Акт, посредством которого народ образует государство, или, скорее, «простая идея этого акта», позволяющая считать его законным, «есть первоначальный договор, в силу коего все отдельные лица, составляющие народ, отказываются от своей внешней свободы, чтобы тотчас же снова обрасти ею в качестве членов государства» [193]. Это уже известная нам формула Руссо, с тою разницею, что Кант не требует со стороны индивидуума при вступлении последнего в государство никакой жертвы. Он не лишается части своей свободы ради того, чтобы вернее пользоваться остальным: он отказывается от «дикой и беспорядочной свободы» для того, чтобы «найти свою свободу во всей ее полноте в легальной зависимости, в правовом состоянии» [194].
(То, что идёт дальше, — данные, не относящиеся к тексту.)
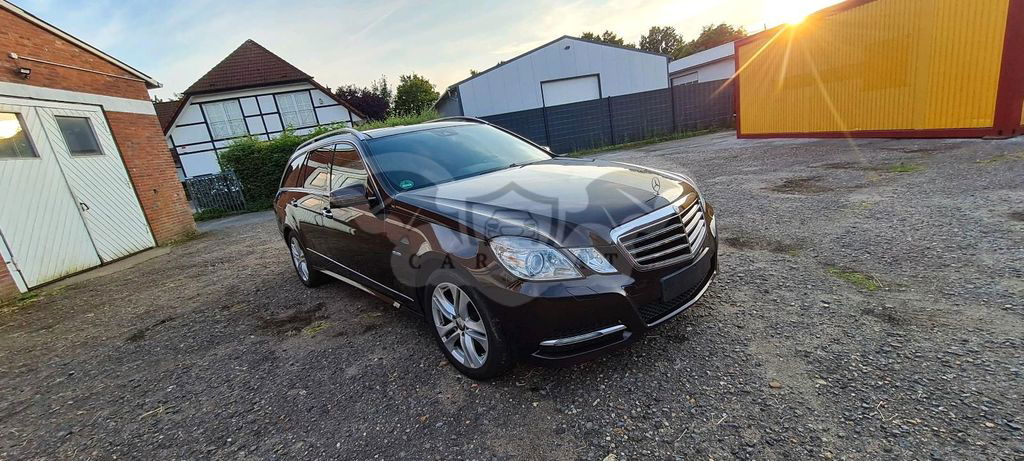 Mercedes-Benz 350 2010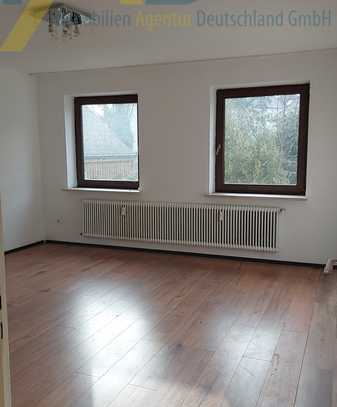 Schnäppchen in Landshut. Ihre Chance auf ein kreatives Renovierungsprojekt. Ihr Traumhaus wartet!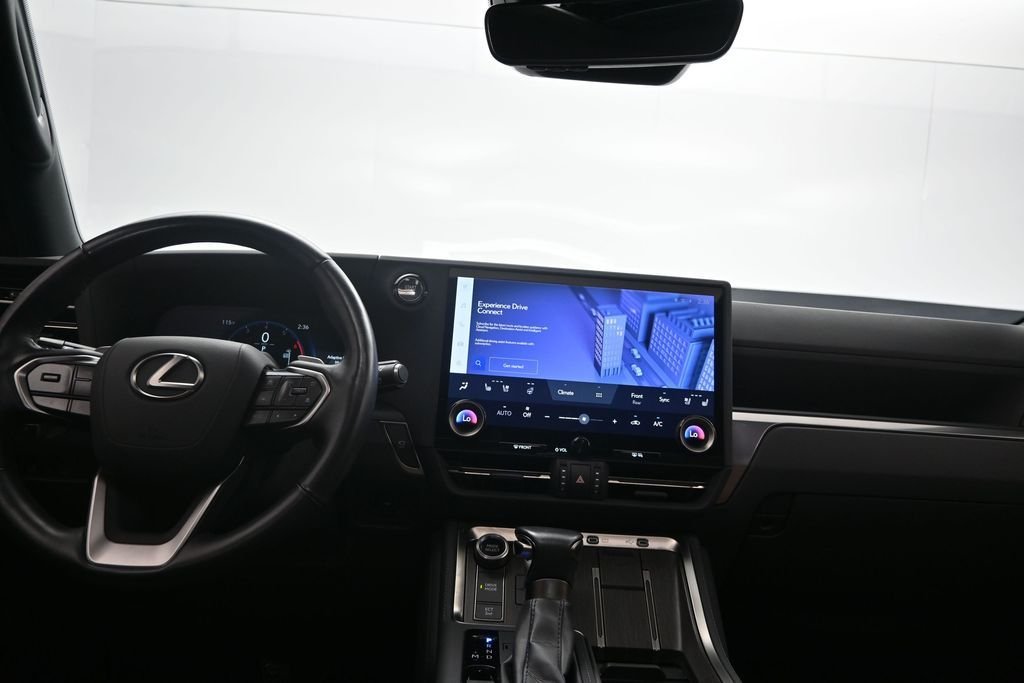 2024 Lexus GX Luxury - Photo 19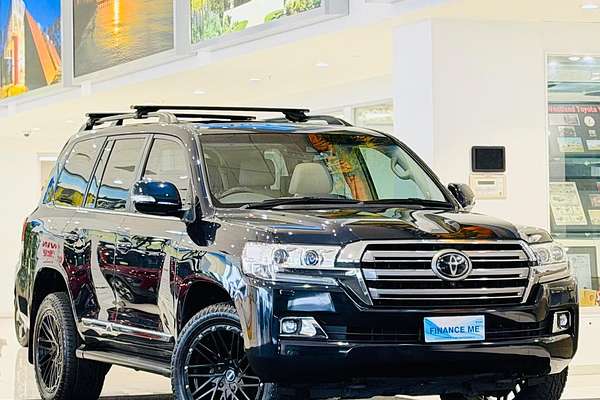 2018 Toyota Landcruiser Sahara VDJ200R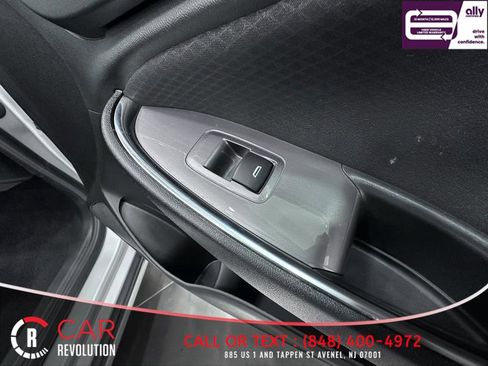 Used 2022 Chevrolet Malibu LT image 53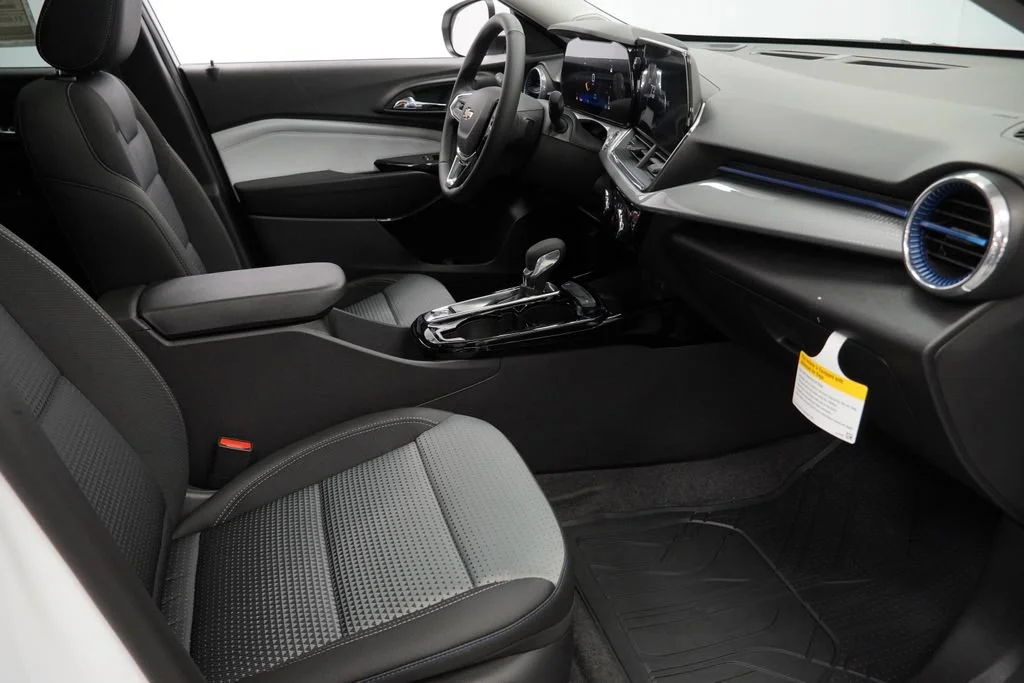 2026 Chevrolet Trax LT - Photo 29
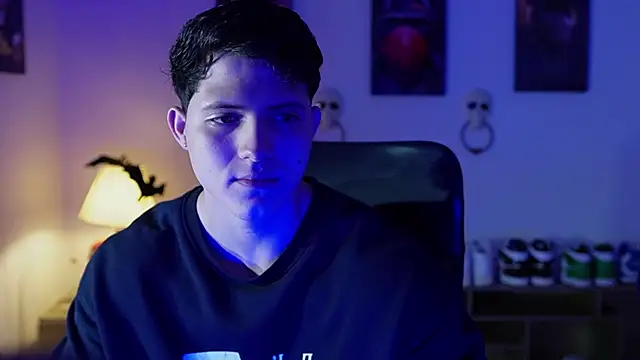 Hazzan Velez online show from 4, 11, 2025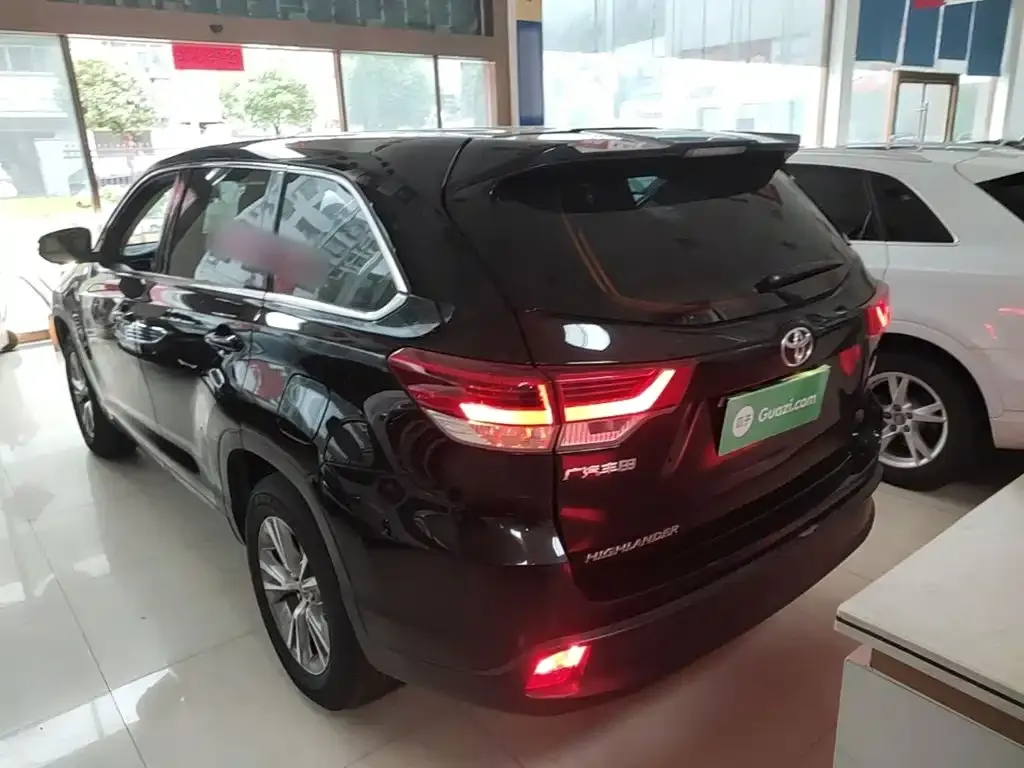 Toyota Highlander — фото 10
А вот в чем сказывается влияние теорий Монтескье: «каждое государство заключает в себе три вида власти». Кант делает поправку: эти власти не равны между собой. Одна из них, законодательная, является верховной. Она может принадлежать только «коллективной воле народа», выраженной гражданами посредством голосования. Исполнительная власть «подчинена закону, обязана им» [195]. Законодательная власть, как истинный властелин, может даже лишить ее своих полномочий, сместить ее. Что касается судебной власти, она устанавливается исполнительной властью [196]. Согласие этих трех властей гарантирует «благоденствие государства», которое, по замечательному определению Канта, состоит не «в благосостоянии и счастье граждан», чего также хорошо и, быть может, даже вернее можно достигнуть путем деспотизма, но в торжестве права и свободы [197].
До сих пор логик давал себе полную волю; но вместе с тем, как человек своего времени и своей страны, Кант находился под сильным впечатлением того зрелища, которое представляло тогда прусское правление, а также под впечатлением крайностей французской революции. Отсюда – странные ограничения выставленных принципов и еще более странное толкование некоторых из приведенных нами формул.
Кант провозглашает верховенство народа и право граждан выражать его посредством голосования; но он отказывает народу в праве обсуждать, если не акты, то во всяком случае происхождение установленной власти [198]. Он дает главе государства, «регенту», только права по отношению к подданным, но не обязанности [199], и не признает за народом власти – можно догадаться, под влиянием каких воспоминаний – наказывать главу государства, не исполнившего своих обязанностей [200]. Он осуждает право мятежа и допускает только легальное и в некотором роде отрицательное сопротивление [201]. Наконец, признав сначала законодательную власть принадлежащей коллективной воле граждан, он дает следующий более чем странный перевод этого совершенно ясного принципа: регент должен устанавливать только такие законы, какие мог бы установить сам народ [202].
Я напоминаю эти детали лишь для указания того, что даже у Канта теория правового государства не формулирована в абсолютной чистоте [203]. Нам скоро представится случай распространить это замечание на все индивидуалистическое движение XVIII века и сделать соответствующие выводы.
Как нужно смотреть на революции? Вправе ли народ совершать их? Такие вопросы исследует Фихте в том из своих произведений, где он развил до крайних выводов индивидуалистическую теорию государства [204]. Для ответа на эти вопросы ему пришлось сначала спросить себя об основах и природе гражданского общества, т. е. формулировать, в свою очередь, теорию государства.